Taki dowcip mi sie przypomniał, warszawski z mniej więcej 1941 roku:
Hitler, zobaczywszy, że nie da rady pokonać brytyjskiego lotnictwa i floty, postanowił uciec się do metod okultystycznych. Wzywa więc do siebie kolejnych magów i kapłanów różnych wyznań, zadając wszystkim jedno i to samo pytanie: JAK DOKONAĆ INWAZJI WIELKIEJ BRYTANII?? Nie otrzymawszy żadnej sensownej odpowiedzi, każe w końcu wyciągnąć z któregoś getta starego, mądrego rabina. Ten, usłyszawszy pytanie, pokiwał głową i powiedział:
- Tu może pomóc tylko laska Mojżesza...
- O! - ucieszyłsie Adolf - a gdzie można ją znaleźć?!?

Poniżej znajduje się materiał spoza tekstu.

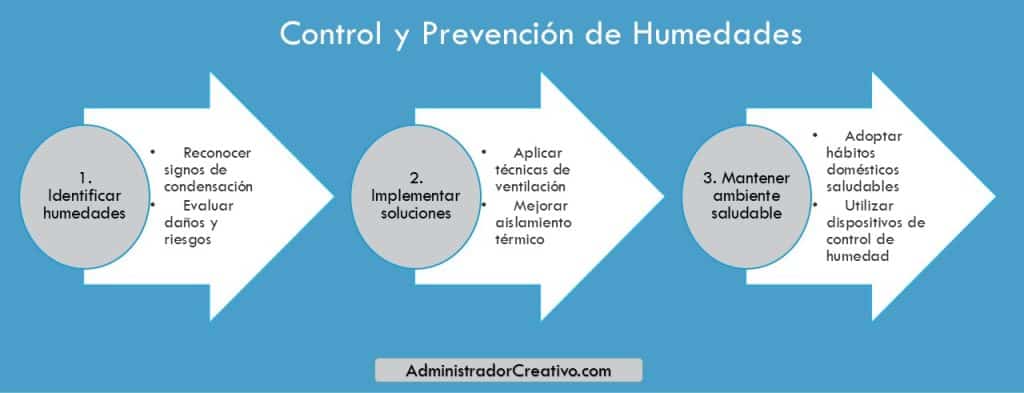 humedades por condensación en tres sencillos pasos resuelves este problema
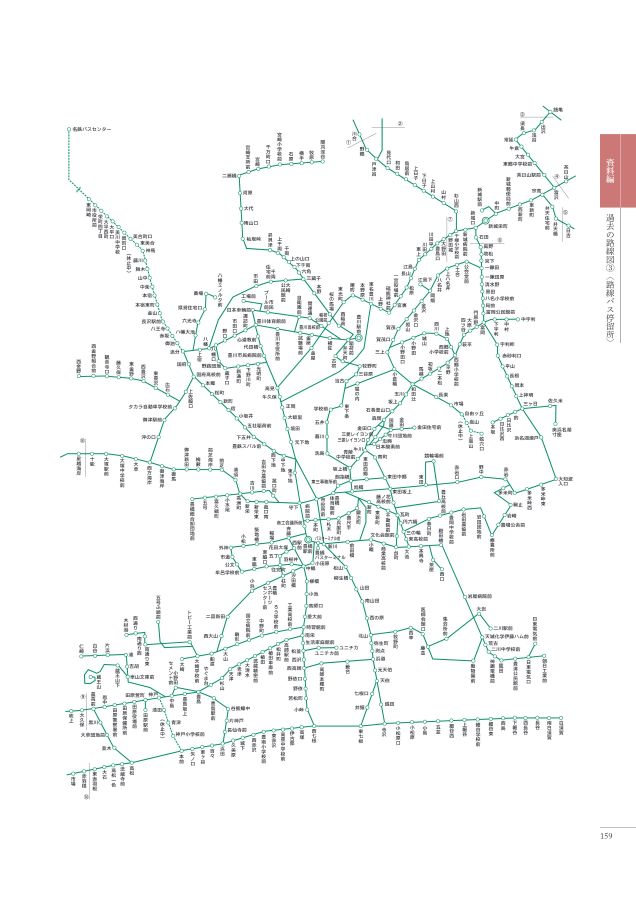 昭和初期鉄道バス案内図 昭和初期鉄道バス案内図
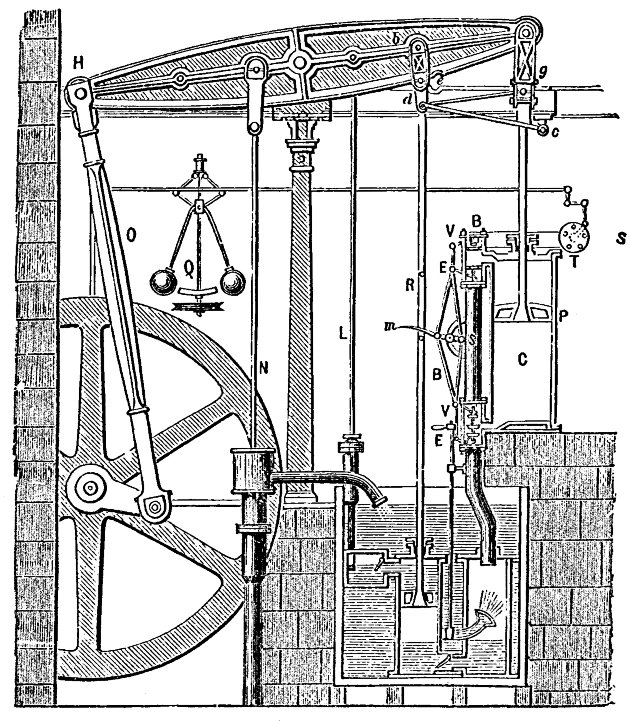 A Boulton & Watt által megálmodott gőzgép tervrajza, 1784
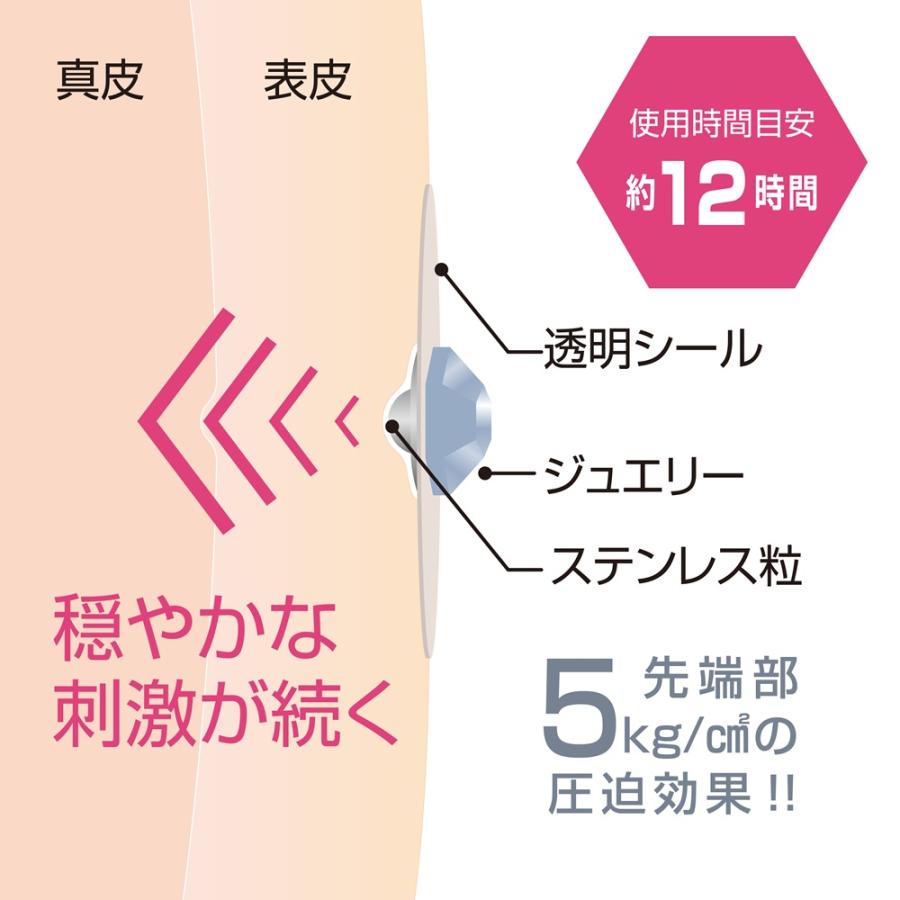 アルファックス 耳つぼジュエリー 日本製 ウェルミミ wellmimi 12粒入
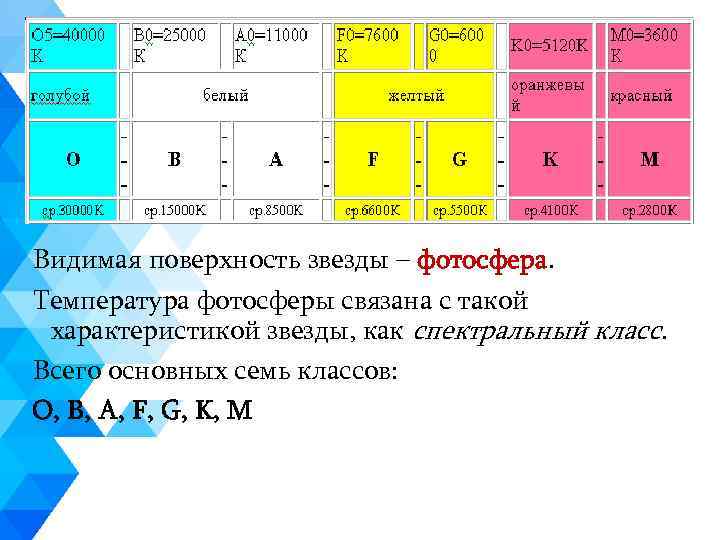 Видимая поверхность звезды – фотосфера. Температура фотосферы связана с такой характеристикой звезды, как спектральный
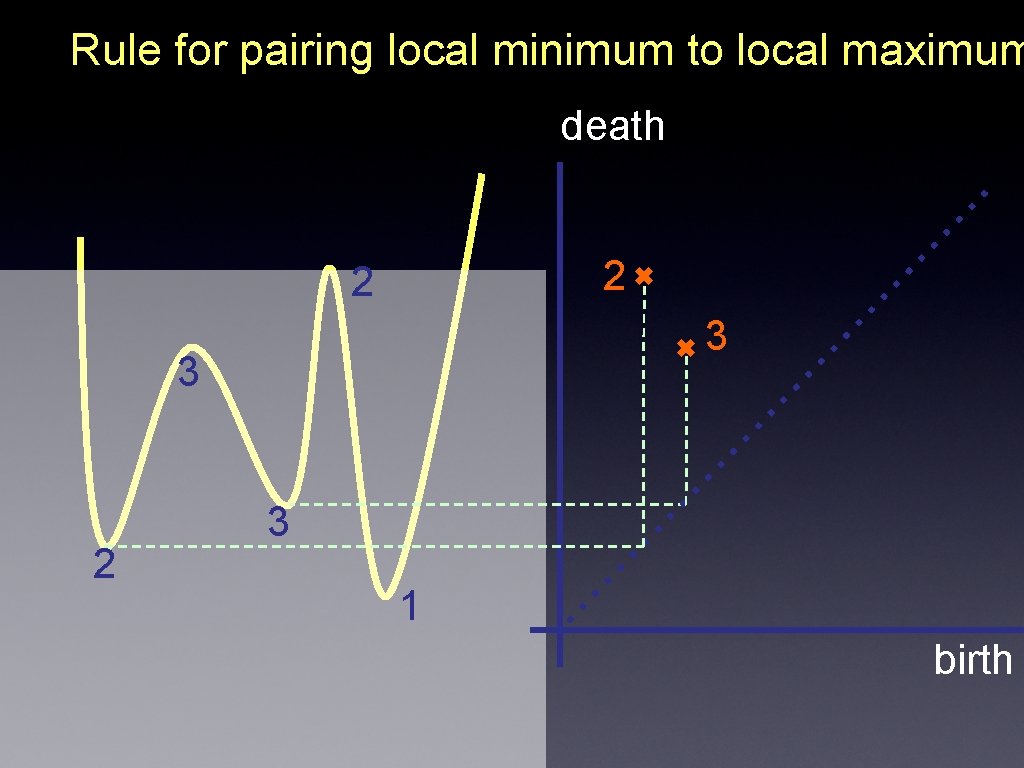 Rule for pairing local minimum to local maximum death 2 2 3 3 2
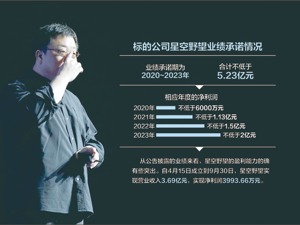 尚纬股份并购直播公司股权 罗永浩兄弟将进账2.58亿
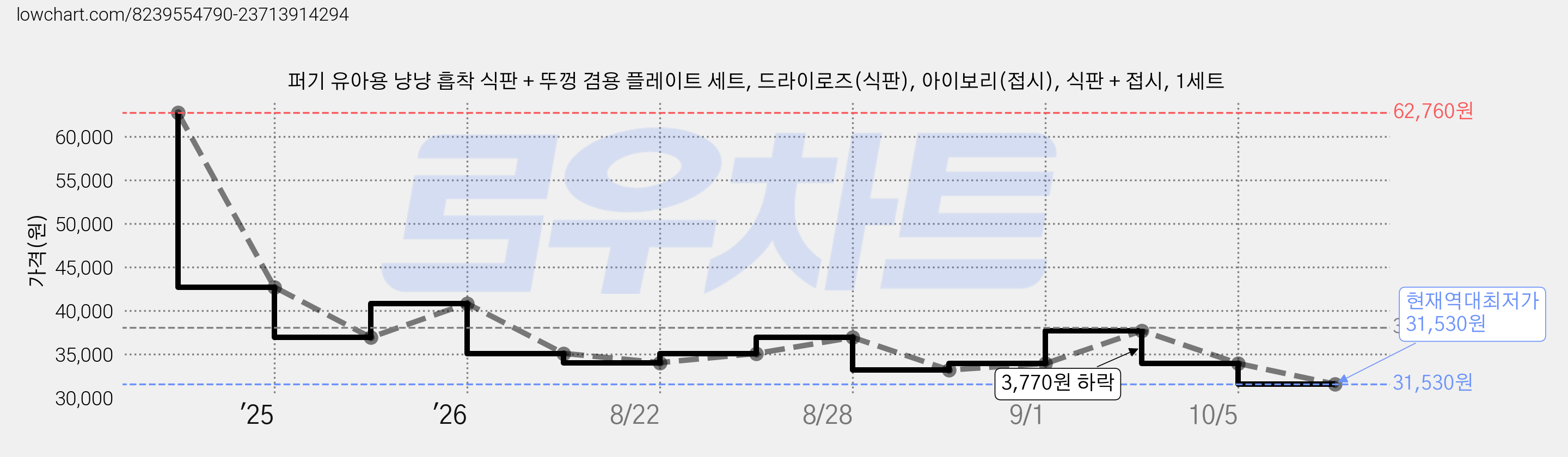 퍼기 유아용 냥냥 흡착 식판 + 뚜껑 겸용 플레이트 세트, 드라이로즈(식판), 아이보리(접시), 식판 + 접시, 1세트 가격 변동 차트, 현재가 31,530원, 역대최저가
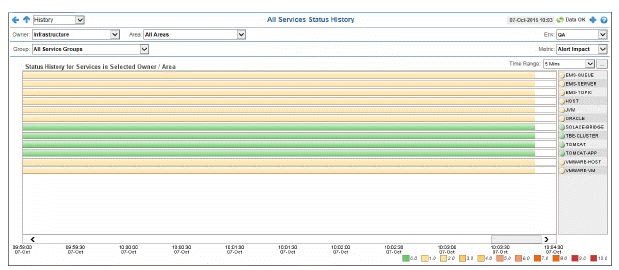 multiarea_servicehistoryheat.gif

- O ile wiem, to w British Museum...
Mały off-topic - trzeba było pokazać ten dowcip rdzeniowi-mysławowi, gdy upierał się, że inwazja Hitlera na Anglię była całkowicie możliwa i wykonalna
Witam, na stronie http://www.wyattmuseum.com jest opisana alternatywna droga wobec dotychczasowo znanej wędrówki Izraelitów przez pustynię. Opisane też jest tam przejście przez morze czerwone. Strona jest w języku angielskim.
Polecam
Kiedyś oglądałem jakiś program na temat właśnie przejścia Mojżesza przez morze. Tłumaczono tam, że podczas burz masy wody były przenoszone raz z jednego morza raz z drugiego, a przesmyk był o wiele mniejszy niż dziś i częściowo zalany (w obniżeniach stała woda, która zasilana była właśnie przez te nawałnice).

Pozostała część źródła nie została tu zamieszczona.